The Multicomponent Surface Model¶
This section describes the surface routine surfmodel.py used to generate multicomponent surface model files. These are used by ISOFIT for both the multicomponent_surface and glint_surface models, among others. The casual user may not need it; they can simply use one of the provided land or water surface model options which should be fairly universal. However, specific applications may desire other kinds of surface prior distributions, such as restricted priors designed for optimum retrievals over well-understood terrain.
The multicomponent model represents the surface prior distribution using a collection of multivariate Gaussian means and covariance matrices, with one dimension per instrument channel. For each iteration, the Gaussian closest to the current reflectance estimate is used as the prior.
The surfmodel.py Utility¶
The routine utils/surfmodel.py generates multicomponent surface reflectance models by fitting multivariate Gaussians to a library of reflectance spectra. It accepts a single argument corresponding to a JSON configuration file:
python3 surfmodel.py <configuration_file.json>
It need be run only once at any time before the retrievals toprepare the model.
Configuration Files¶
The configuration file determines the fitting procedure, spectral sampling and normalization strategies. It is a JSON file, a single dictionary that contains the following:
reference_windows: A list of lists, where each sublist has two elements corresponding to the beginning and end wavelength of a reference interval used for normalization. We recommend specifying intervals that exclude very deep, opaque atmospheric absorption features.
output_model_file: The path to the output location where surfmodel.py writes its fitting result. The format is given in the next chapter; by convention it is a MATLAB-format file suffixed with “.mat”
normalize : Normalization strategy, one of “Euclidean”, “RMS”, or “None”. Unless “None”, reflectance model components will be normalized. At runtime, ISOFIT will normalize its current reflectance estimate prior to selecting a component, and then rescale the component to the appropriate magnitude to form the prior. Normalized models do not constrain the magnitudes of surface reflectances, but just the shape. Only the wavelength intervals specified by “reference_windows” (below) contribute to the normalization. In theory, this normalization decision would not have to made in the model creation step, but could be handled entriely within ISOFIT.
wavelength_file: File specifying output wavelengths to which reflectances are resampled. A three column space-delimited ASCII file, with columns containing channel number, channel center wavelength in microns, and Full Width at Half Maximum (FWHM) of the Gaussian spectral response function in microns, respectively. Currently, surfmodel.py ignores the FWHM column and performs linear interpolation. to resample the library data to the output center wavelengths.
sources: A list of dictionaries, one per source library used in the fitting. surfmodel.py fits each library is separately, and appends those components to the general collection. The dictionary for each component contains:
input_spectrum_files: The path to a dataset of reflectance spectra, given as a binary matrix of four-byte floating point numbers in Band Interleaved by Pixel format.

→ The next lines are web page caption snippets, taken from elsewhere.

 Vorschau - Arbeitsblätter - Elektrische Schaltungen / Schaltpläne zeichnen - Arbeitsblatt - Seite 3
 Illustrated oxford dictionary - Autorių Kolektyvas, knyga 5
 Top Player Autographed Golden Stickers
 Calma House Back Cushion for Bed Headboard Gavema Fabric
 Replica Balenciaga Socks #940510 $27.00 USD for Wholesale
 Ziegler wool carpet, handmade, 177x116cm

The dimensions and wavelengths of the input data are specified by a detached human-readable ASCII header in ENVI format. The header file name is the same as the dataset, but with the suffix “.hdr” appended. The header must also contain wavelength information for each reflectance spectrum; the spectra will be interpolated linearly to the output wavelength grid given by the “wavelength_file” option.
n_components: The number of components used to fit the library spectra.
windows:A list of dictionaries, where each dictionary specifies fitting parameters for a different wavelength interval. Breaking the spectral range into intervals allows surfmodel.py to control and modify the fitting strategy independently for each range. This is useful for adjusting the degree of regularization, restricting the prior flexibility in the surface in areas of critical atmospehric information. The dictionary always contains three key-value pairs:
- interval: A two-element list of numbers, the beginning and end wavelengths of the range.
- regularizer: A regularization value added to the diagonal of the covariance matrix for this range. Values are in “variance of surface reflectance” units. For example, a value of 1e-6 corresponds to an extra regularization having a standard deviation of 0.1% in Lambertian surface reflectance values. Regularization promotes numerical stability and flexibility in the refelctance model.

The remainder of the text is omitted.